What you should do: Restate exactly the lines from the top of the listing below to the line containing "Slim Leather Apple Watch Band"; the remaining lines are not wanted.
****************************************
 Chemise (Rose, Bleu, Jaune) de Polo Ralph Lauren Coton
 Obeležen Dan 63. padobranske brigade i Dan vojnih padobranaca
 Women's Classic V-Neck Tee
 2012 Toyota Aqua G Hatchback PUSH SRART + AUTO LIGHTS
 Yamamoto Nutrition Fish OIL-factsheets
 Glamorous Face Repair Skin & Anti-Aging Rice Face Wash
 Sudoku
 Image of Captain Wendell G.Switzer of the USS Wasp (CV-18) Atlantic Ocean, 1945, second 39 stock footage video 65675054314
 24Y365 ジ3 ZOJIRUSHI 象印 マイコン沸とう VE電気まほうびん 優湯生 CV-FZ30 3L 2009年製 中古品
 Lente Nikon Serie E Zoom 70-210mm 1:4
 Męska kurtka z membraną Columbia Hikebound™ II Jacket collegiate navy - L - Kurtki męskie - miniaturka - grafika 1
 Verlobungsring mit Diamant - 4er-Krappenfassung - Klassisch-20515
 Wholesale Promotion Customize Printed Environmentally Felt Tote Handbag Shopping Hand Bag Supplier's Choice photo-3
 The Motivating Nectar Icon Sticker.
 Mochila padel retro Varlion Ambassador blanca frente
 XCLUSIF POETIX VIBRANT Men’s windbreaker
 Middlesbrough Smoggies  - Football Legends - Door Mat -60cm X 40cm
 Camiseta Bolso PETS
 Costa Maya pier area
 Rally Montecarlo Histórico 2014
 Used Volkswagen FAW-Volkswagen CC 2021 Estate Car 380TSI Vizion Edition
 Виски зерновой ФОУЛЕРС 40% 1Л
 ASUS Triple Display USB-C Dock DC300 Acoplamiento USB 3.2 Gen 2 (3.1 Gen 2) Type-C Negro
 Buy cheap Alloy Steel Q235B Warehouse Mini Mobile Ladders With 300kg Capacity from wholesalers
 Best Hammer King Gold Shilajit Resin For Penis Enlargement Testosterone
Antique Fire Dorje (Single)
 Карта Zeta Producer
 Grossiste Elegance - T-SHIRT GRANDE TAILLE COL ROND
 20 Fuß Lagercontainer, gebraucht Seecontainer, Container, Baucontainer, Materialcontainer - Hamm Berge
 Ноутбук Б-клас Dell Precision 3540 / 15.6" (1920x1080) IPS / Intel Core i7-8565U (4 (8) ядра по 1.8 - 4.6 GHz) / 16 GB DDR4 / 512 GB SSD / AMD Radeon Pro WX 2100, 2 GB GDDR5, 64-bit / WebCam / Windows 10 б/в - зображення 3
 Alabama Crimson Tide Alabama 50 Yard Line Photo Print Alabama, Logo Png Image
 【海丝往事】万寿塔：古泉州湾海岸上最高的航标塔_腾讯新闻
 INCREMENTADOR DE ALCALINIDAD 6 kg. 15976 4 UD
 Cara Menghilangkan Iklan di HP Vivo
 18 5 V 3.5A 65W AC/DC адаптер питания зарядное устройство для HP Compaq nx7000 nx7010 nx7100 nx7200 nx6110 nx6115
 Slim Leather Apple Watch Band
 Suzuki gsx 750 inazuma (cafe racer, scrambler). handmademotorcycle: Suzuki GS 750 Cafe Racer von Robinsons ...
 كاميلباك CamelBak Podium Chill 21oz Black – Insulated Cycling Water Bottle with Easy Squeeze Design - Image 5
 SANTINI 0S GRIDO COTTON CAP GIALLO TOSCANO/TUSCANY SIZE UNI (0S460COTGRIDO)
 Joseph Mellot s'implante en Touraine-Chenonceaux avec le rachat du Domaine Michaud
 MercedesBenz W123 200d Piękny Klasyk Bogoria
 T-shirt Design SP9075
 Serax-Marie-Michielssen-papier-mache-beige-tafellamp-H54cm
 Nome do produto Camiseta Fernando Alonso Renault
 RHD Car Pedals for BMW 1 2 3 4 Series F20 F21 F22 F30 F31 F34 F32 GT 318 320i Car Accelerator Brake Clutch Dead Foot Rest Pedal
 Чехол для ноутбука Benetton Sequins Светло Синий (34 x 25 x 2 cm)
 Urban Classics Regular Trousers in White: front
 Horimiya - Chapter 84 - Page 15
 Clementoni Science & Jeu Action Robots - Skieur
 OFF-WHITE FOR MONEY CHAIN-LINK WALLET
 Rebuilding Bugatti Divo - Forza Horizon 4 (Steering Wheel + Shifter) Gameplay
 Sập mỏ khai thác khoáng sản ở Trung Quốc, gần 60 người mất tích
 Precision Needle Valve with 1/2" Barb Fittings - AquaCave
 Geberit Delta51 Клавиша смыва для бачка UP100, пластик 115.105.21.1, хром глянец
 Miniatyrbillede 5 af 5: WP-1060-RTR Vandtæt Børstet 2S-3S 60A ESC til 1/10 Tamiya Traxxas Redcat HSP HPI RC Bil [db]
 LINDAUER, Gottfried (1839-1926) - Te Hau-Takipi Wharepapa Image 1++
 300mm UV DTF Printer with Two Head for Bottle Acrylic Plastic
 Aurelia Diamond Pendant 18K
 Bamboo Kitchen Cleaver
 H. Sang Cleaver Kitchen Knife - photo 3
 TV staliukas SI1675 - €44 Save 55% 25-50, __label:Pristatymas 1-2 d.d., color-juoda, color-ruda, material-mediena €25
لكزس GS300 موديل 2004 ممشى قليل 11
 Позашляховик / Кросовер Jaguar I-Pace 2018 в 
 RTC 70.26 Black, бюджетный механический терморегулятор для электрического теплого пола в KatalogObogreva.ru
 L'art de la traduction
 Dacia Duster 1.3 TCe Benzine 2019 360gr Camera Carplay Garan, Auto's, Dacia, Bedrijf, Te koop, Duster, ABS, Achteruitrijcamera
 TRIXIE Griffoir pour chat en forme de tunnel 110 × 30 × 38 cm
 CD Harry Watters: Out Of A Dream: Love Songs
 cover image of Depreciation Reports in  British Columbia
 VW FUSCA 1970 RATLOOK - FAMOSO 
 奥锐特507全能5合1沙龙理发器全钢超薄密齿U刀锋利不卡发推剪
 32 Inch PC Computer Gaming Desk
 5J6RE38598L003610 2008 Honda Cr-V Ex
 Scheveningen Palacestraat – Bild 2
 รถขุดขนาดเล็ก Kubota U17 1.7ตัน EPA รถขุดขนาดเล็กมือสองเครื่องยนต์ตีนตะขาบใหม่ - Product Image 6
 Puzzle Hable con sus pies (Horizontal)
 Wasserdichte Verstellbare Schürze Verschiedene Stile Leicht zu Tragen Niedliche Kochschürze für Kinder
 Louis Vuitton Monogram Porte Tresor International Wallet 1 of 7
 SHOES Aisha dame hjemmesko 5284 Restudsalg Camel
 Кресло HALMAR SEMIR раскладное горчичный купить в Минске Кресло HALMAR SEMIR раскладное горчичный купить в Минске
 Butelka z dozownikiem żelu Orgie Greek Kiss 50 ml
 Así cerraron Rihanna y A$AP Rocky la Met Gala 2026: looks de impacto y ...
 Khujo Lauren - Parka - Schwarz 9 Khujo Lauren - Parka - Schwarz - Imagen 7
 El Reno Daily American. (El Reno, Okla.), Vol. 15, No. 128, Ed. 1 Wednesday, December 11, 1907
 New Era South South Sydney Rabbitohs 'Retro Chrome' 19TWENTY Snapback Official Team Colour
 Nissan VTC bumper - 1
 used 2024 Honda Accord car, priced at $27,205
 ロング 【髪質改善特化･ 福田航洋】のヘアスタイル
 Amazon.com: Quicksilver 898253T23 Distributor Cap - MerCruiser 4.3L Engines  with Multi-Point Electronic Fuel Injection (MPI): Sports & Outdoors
****************************************
Solution for this task:
 Chemise (Rose, Bleu, Jaune) de Polo Ralph Lauren Coton
 Obeležen Dan 63. padobranske brigade i Dan vojnih padobranaca
 Women's Classic V-Neck Tee
 2012 Toyota Aqua G Hatchback PUSH SRART + AUTO LIGHTS
 Yamamoto Nutrition Fish OIL-factsheets
 Glamorous Face Repair Skin & Anti-Aging Rice Face Wash
 Sudoku
 Image of Captain Wendell G.Switzer of the USS Wasp (CV-18) Atlantic Ocean, 1945, second 39 stock footage video 65675054314
 24Y365 ジ3 ZOJIRUSHI 象印 マイコン沸とう VE電気まほうびん 優湯生 CV-FZ30 3L 2009年製 中古品
 Lente Nikon Serie E Zoom 70-210mm 1:4
 Męska kurtka z membraną Columbia Hikebound™ II Jacket collegiate navy - L - Kurtki męskie - miniaturka - grafika 1
 Verlobungsring mit Diamant - 4er-Krappenfassung - Klassisch-20515
 Wholesale Promotion Customize Printed Environmentally Felt Tote Handbag Shopping Hand Bag Supplier's Choice photo-3
 The Motivating Nectar Icon Sticker.
 Mochila padel retro Varlion Ambassador blanca frente
 XCLUSIF POETIX VIBRANT Men’s windbreaker
 Middlesbrough Smoggies  - Football Legends - Door Mat -60cm X 40cm
 Camiseta Bolso PETS
 Costa Maya pier area
 Rally Montecarlo Histórico 2014
 Used Volkswagen FAW-Volkswagen CC 2021 Estate Car 380TSI Vizion Edition
 Виски зерновой ФОУЛЕРС 40% 1Л
 ASUS Triple Display USB-C Dock DC300 Acoplamiento USB 3.2 Gen 2 (3.1 Gen 2) Type-C Negro
 Buy cheap Alloy Steel Q235B Warehouse Mini Mobile Ladders With 300kg Capacity from wholesalers
 Best Hammer King Gold Shilajit Resin For Penis Enlargement Testosterone
Antique Fire Dorje (Single)
 Карта Zeta Producer
 Grossiste Elegance - T-SHIRT GRANDE TAILLE COL ROND
 20 Fuß Lagercontainer, gebraucht Seecontainer, Container, Baucontainer, Materialcontainer - Hamm Berge
 Ноутбук Б-клас Dell Precision 3540 / 15.6" (1920x1080) IPS / Intel Core i7-8565U (4 (8) ядра по 1.8 - 4.6 GHz) / 16 GB DDR4 / 512 GB SSD / AMD Radeon Pro WX 2100, 2 GB GDDR5, 64-bit / WebCam / Windows 10 б/в - зображення 3
 Alabama Crimson Tide Alabama 50 Yard Line Photo Print Alabama, Logo Png Image
 【海丝往事】万寿塔：古泉州湾海岸上最高的航标塔_腾讯新闻
 INCREMENTADOR DE ALCALINIDAD 6 kg. 15976 4 UD
 Cara Menghilangkan Iklan di HP Vivo
 18 5 V 3.5A 65W AC/DC адаптер питания зарядное устройство для HP Compaq nx7000 nx7010 nx7100 nx7200 nx6110 nx6115
 Slim Leather Apple Watch Band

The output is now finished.